Maari is an Indian Tamil-language Supernatural television series airing on Zee Tamil and streaming on digital platform ZEE5 from 4 July 2022. It starring Ashika Padukone and Adarsh in the lead roles. The series is an official remake of Zee Bangla series Trinayani, where Ashika reprising her role in its Telugu remake with same title.

Plot
Maari, a simple small town girl, experiences the boon and bane of her power of premonition.
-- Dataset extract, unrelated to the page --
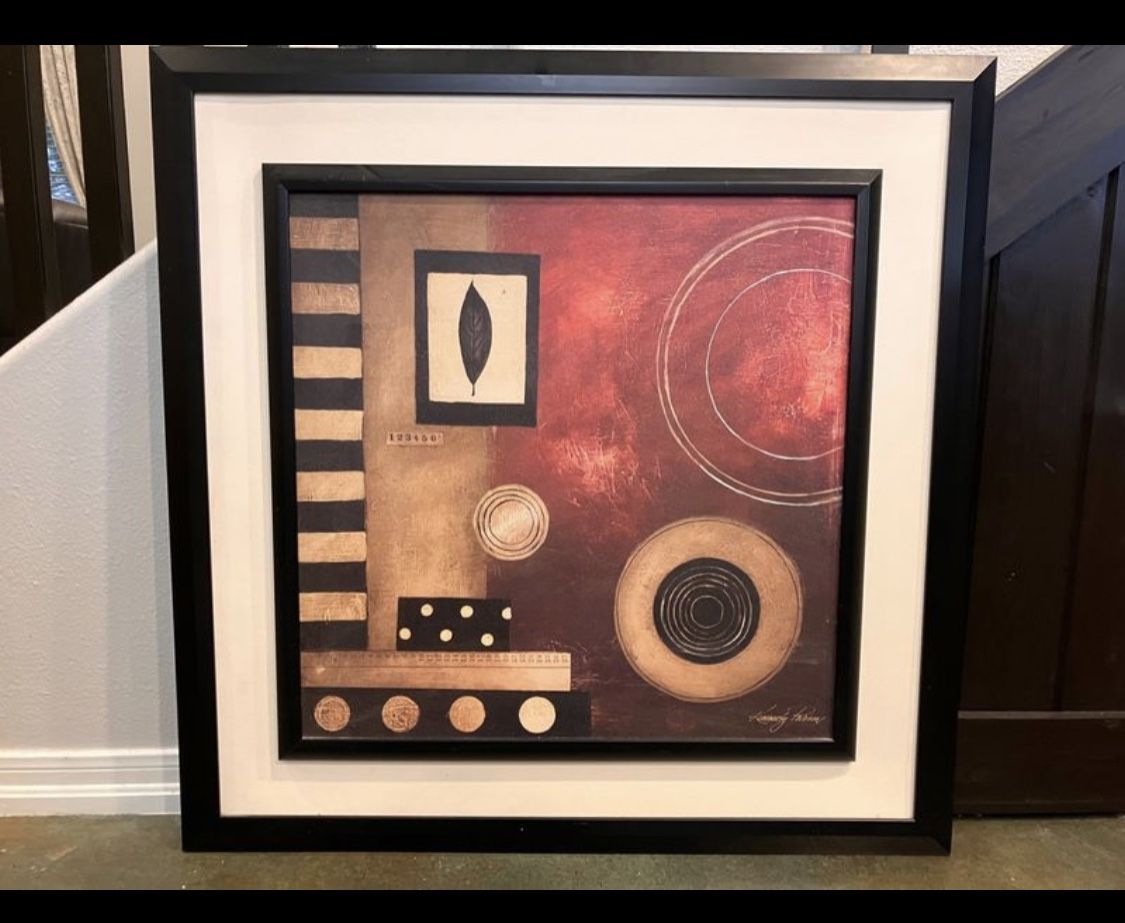 Wall Art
She goes on to marry Surya under unusual circumstances and turns out to be his saviour.

Cast

Main
 Ashika Padukone as Maari (a predictor and fortune teller woman, who ready to save Suriya's life by marrying him) 
 Adarsh HS as Suriya (a rich entrepreneur, Maari's husband, His life was in danger by Thara's evil plans)

Supporting
 Sona Heiden as Thara (Surya's step mother, Aravind, Dinesh and Priya's mother, Jagadeesh's second wife) (Main Antagonist)
 Shiva Subramanian as Jagadeesh (Devi's first husband, Thara's second husband, Surya's father) 
 Abitha as Deivanai (Maari adoptive mother, Sreeja's mother) 
 Delhi Ganesh as Neelakandan (Maari and Sreeja's grandfather, Deivanai's father)
 Saira Banu as Sreeja (Maari's sister, Dinesh's wife, Thara's second daughter-in-law)(Antagonist)
 Shabnam as Hasini (Aravind's wife, Thara's daughter-in-law)
 Shyam as Vikram (Hasini’s brother)
 Meera Krishna as Devi (a spirit, Suriya's mother, Jagadeesh's first wife) 
 Mukesh Kanna as Aravind (Thara's first son, Hasini's husband) 
 Tharun Appasamy as Dinesh (Thara's second son, Sreeja's husband)  
 Nisha Yazhini as Priya (Thara's daughter)
 Ganesh as Sankarapandi (Thara's brother)
 Anitha Venkat as Sujatha (Devi's sister)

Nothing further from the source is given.